Normally, we wouldn’t have been able to discern from the audience which method Kern used, but thanks to Peter Thorp’s setting up the overhead video camera, we had a bird’s-eye view. Thus, we were able to observe in glorious color that Olga Kern adopted the “bent thumb” version and made the octave glissandos look like child’s play, which they most assuredly are not.
Ending the first half of the program Kern performed the three Gershwin Preludes, to which she added Earl Wild’s difficult transcription of “Fascinating Rhythm.” Hello, Guinness Book of World Records, I believe we have a new world’s speed record for the fastest Gershwin keyboard playing ever heard, even considerably faster than Gershwin’s own rushed recorded performances. It normally takes 20 to 25 seconds to say “The Lord’s Prayer.” Imagine speeding it up and reducing its duration to seven seconds — this was the kind of dizzying speed we heard yesterday afternoon. As a stunt, it succeeded, but at the expense of musical values.
After intermission Kern treated us to a selection of Russian composers, and in this repertoire her playing took on a new and even more masterful significance. Her magnificent commanding performances of Rachmaninoff’s Moment Musical in E minor, Barcarolle and the Polichinelle were revelatory, both for the virtuosity and the deep expressive meanings her playing revealed..

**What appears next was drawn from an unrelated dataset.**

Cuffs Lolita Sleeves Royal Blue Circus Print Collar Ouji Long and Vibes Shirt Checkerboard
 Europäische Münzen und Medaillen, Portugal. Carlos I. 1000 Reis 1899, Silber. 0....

The next work on the program, Tchaikovsky’s Meditation in D, Op. 72, No. 5, is a work most of the audience had never heard before. It began like a gentle and soulful “Song without Words” à la Mendelssohn, but developed tension and majesty as it progressed and finally developed into a work of considerable substance.
The following group of two Scriabin Etudes, Op. 42 No. 4 and Op. 42, No. 5, was a revelation of Kern’s deep commitment to Scriabin and her skill in balancing the contrasting elements of the deeply lyrical and dazzling technical demands so often found in Scriabin’s piano works. There was soul and profound emotional feeling in her playing of these two works.
Ending the program Olga Kern gave us a dazzling performance of Balakirev’s non plus ultra virtuoso masterpiece, Islamey, and it was a knockout. After an extended and vociferous standing ovation, Kern spoke to the audience saying, “Now we come to the fun part of a concert” and gave us three encores: a virtuosic performance of Prokofiev’s Etude in D minor, a charming rendition of Anatoly Lyadov’s The Music Box, Op. 32, and a dazzling rendition of Rachmaninoff’s transcription of Rimsky-Korsakov’s “Flight of the Bumblebee.”
Let’s hope that Olga Kern will return in the not-too-distant future and bring us some more musical treasures from her vast repertoire.